Кроме того, православная традиция всегда признавала, что у разума есть свои права в сфере богомыслия. “Можно сказать, что христианское богословие, верное святоотеческому преданию, не знает прыжков в «сверхлогику»: оно постоянно ставит нас перед лицом антиномий, но всегда пытается разрешить их через различение, позволяющее мыслить и говорить о металогическом, не нарушая законов тождества, противоречия и исключенного третьего. Св. Григорий Палама, великий православный мистик, которого трудно упрекнуть в «рационализме», пишет: «Утверждать то одно, то другое, когда оба утверждения верны, есть свойство всякого благочестивого богослова; но говорить противоречивое самому себе свойственно совершенно лишенному разума»”{11}. Богословие признает правомочными в своей сфере все законы логики, и в православии действует та же этикетная норма, которую Честертон подметил в католической традиции: “Вы нападали на разум: у священников это не принято!”.
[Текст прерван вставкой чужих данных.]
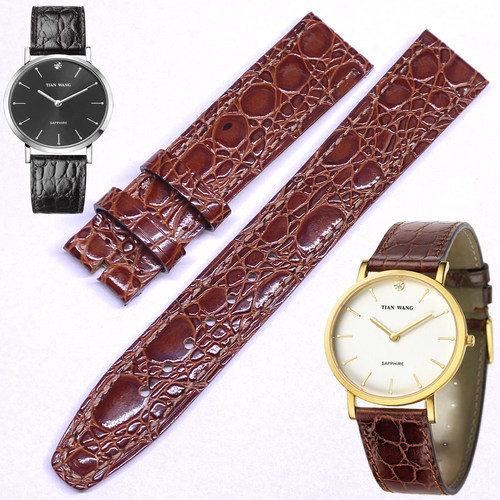 天王偏薄真皮表带牛皮带牛皮带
Слишком часто оккультные оппоненты христианства при встрече с человеком, способным развернуть серьезную философско-логическую аргументацию, убегают от критики своего мифа в “апофатику”: мол, это несказанно, это наше ощущение, мы верим нашим сердцам и нашим махатмам. Но, по мнению православной традиции, у логики, у мысли, у разума есть в сфере религии свои неотъемлемые права. Да, у разума есть свои пределы, далее которых он пройти не может. Но то, что разум не может позитивно решить все проблемы религиозной жизни, никак не означает, что он не способен помочь в решении хотя бы некоторых. Поэтому и дискуссия с теософией может вестись не на уровне “мистических переживаний”, а на уровне аргументов, работы с источниками и апелляции к логике.